Questo il comunicato stampa giunto in redazione a firma del Segretario Provinciale FIADEL Feleciantonio Di Schiavi che ribadisce l’illegittimità delle multe comminate attraverso i rilevatori autovelox.

Riceviamo e pubblichiamo.
Tutti ricorderanno che in occasione della questione degli autovelox installati lungo la SS. 85 dai Comuni di Macchia d’Isernia e di Sesto Campano il sottoscritto aveva eccepito fino allo sfinimento, oltre alle illegittimità degli apparecchi, anche l’incompetenza del Vice Prefetto Aggiunto della Prefettura di Isernia Sig. Antonio Incollingo ad adottare le Ordinanze prefettizie.
Purtroppo, il Sig. Incollingo, non curante delle eccezioni poste dal sottoscritto ha continuato ad adottare le Ordinanze Ingiunzioni spesso respingendo i legittimi ricorsi dei cittadini e condannando gli stessi a pagare il doppio della sanzione.

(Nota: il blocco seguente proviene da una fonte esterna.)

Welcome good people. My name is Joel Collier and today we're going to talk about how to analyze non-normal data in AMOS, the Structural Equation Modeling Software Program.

Ebbene, tutte quelle condanne sono viziate perché il Prefetto Aggiunto Incollingo era incompetente ad emettere le Ordinanze, proprio come diceva il sottoscritto e questo lo ha definitivamente chiarito il Giudice di Pace di Isernia che di recente, a seguito di ricorsi depositati da questa Associazione, ha sentenziato con numerosissime sentenze che le Ordinanze Ingiunzioni a firma del Vice Prefetto Aggiunto sono nulle perché adottate da soggetto incompetente (e questo vale non solo per gli autovelox ma per tutti i tipi di infrazione).

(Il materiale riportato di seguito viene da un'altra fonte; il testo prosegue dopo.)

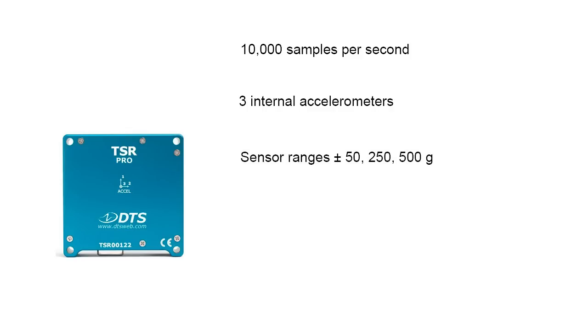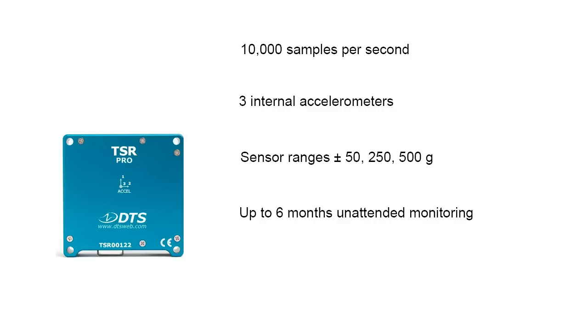They also have internal batteries that allow you to operate them up to 6 months and they have very large memory which allows over 2,000 events to be captured.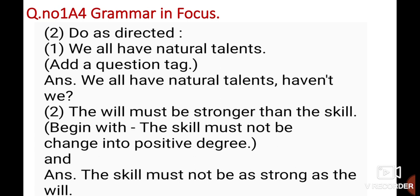Activity A4: Grammar in Focus. First, add a question tag: 'We all have natural talents' — since it uses 'have,' the tag is 'haven't we.' Second, transform the comparative degree sentence: 'The will must be stronger than the skill' — rewrite using positive degree: 'The skill must not be as strong as the will.' In the next video we will also cover degrees of comparison in grammar.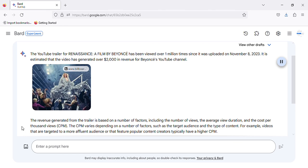For example, videos that are targeted to a more affluent audience or that feature popular content creators typically have a higher CPM.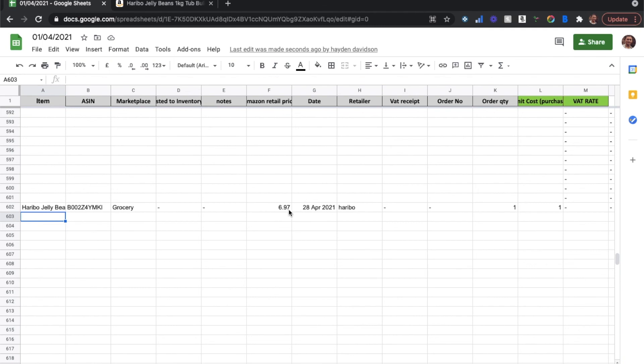I've got the date here, the retail price, everything like that, the order quantity which you can also change, and any notes. I've put the retailer in the notes there. And it's as simple as that really.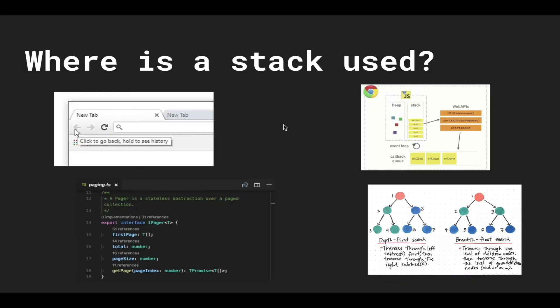A stack is found in a lot of places within tech and computers. One example is through browser history and editing history. You can think of the history of both browsers and text editors as a stack. When you want to go back to a previous website or you want to undo, you'll just pop off the last state on the stack.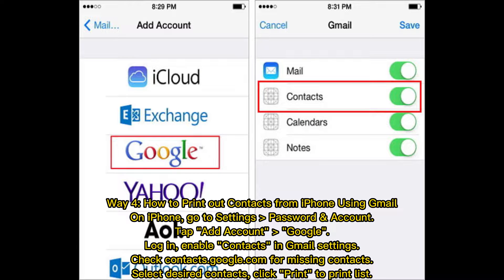Way four: how to print out contacts from iPhone using Gmail. On iPhone, go to Settings, Passwords and Accounts, tap Add Account, select Google, and log in. Enable Contacts sync. In Gmail settings, check contacts.google.com for any missing contacts. Select the desired contacts and click Print to print the list.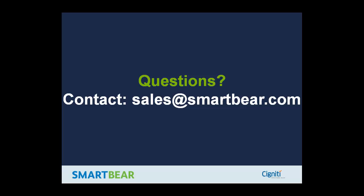In case you have any questions, feel free to reach out to sales@SmartBear.com and we'll help you out.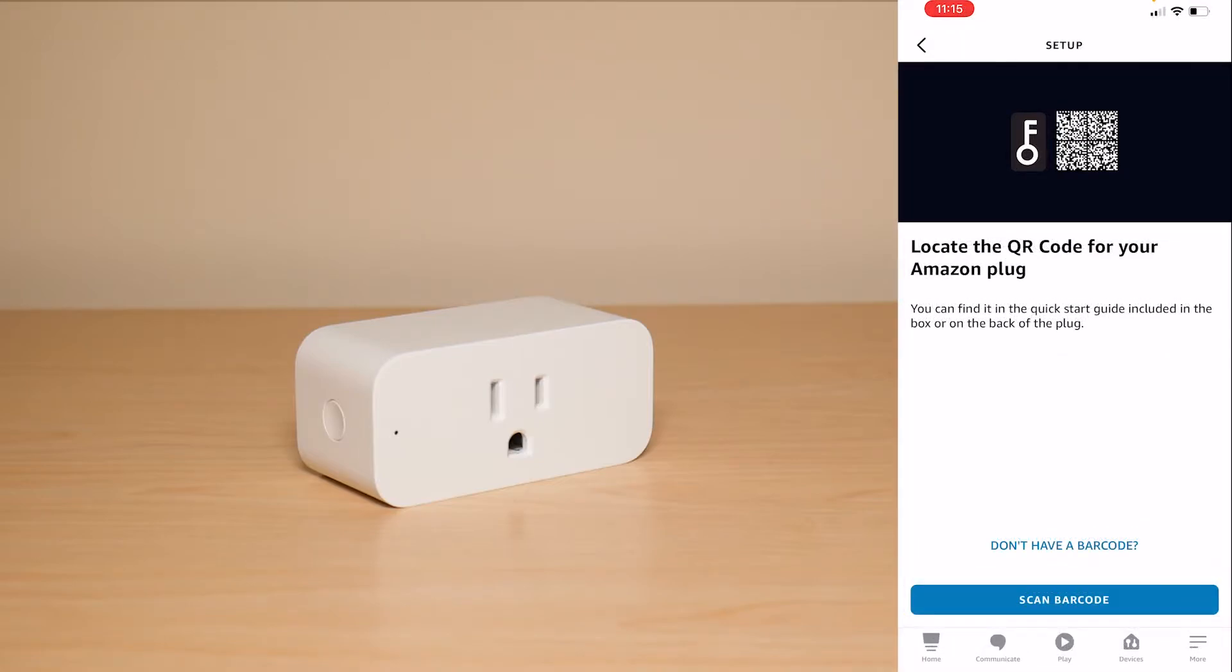The next thing you have to do is simply unplug the Smart Plug really quickly just to scan the back of the barcode. So I'm going to do that now and then you can plug it right back in.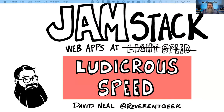Hey everybody. This is JAMstack — not about something to prevent clog printers, something to eat on toast, or a way to make music. We're here to talk about web application architecture in the modern world.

A questo punto i ricorrenti che si sono visti respingere i loro ricorsi dal Vice Prefetto Aggiunto Incollingo, con condanna a pagare il doppio della sanzione ed hanno pagato, probabilmente potrebbero intraprendere anche un’azione risarcitoria contro la Prefettura che ha emesso atti promanati da soggetto incompetente.